VELVET UNDERGROUND - Loaded
[LP](Atlantic/Rhino)
"Loaded" was the Velvets' hello to a new label and goodbye to all of us. In pursuit of AM radio hits in the glory days of freeform and AOR FM seems counterproductive, until you absorb all of their swan song. "Loaded with hits" may have been the joke at the time, but kicking it off with "Who Loves The Sun," "Rock N'Roll" and "Sweet Jane" is one of the best 1-2-3 opening salvos of any album ever.
JOHN COLTRANE - Ole [LP](Atlantic/Rhino)
On his departure from Atlantic, John Coltrane went out with a bang (eighteen minutes of the title track make this worth it). His band of veterans could handle anything he proposed, but it was Coltrane's action with future stars Freddie Hubbard and an uncredited Eric Dolphy that make this 1961 session one to own.

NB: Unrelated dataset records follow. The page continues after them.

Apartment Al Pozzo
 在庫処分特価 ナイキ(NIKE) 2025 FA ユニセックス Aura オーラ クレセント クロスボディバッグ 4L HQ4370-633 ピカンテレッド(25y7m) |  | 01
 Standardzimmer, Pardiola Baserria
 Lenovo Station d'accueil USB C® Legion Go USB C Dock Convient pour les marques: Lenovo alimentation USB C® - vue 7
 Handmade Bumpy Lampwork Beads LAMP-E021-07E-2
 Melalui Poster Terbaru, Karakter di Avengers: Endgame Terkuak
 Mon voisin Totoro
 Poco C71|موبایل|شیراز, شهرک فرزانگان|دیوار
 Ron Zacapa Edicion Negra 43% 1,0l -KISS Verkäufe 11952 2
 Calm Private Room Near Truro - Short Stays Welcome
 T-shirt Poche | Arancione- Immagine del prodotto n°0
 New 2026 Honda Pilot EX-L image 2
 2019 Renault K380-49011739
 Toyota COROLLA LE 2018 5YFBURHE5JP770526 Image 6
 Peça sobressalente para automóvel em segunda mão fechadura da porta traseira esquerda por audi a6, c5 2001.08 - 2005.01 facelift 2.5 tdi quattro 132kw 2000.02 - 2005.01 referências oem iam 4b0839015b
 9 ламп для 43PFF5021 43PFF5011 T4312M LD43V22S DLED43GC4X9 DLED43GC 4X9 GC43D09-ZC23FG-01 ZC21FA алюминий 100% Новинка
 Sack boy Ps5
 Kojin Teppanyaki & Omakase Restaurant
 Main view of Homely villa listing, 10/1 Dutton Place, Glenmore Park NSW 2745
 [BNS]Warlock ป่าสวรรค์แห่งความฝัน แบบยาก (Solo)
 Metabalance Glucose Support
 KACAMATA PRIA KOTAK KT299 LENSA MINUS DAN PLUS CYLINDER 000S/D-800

GERRY RAFFERTY - City To City
(Atlantic/Rhino)
We know what you are saying. What is HE doing here? Side one contains four of his best tracks ever including the essential "Baker Street," the classic "Right Down The Line" and the underrated title cut. "Home and Dry" on side two also remains a favored deep cut from an artist too many are quick to dismiss.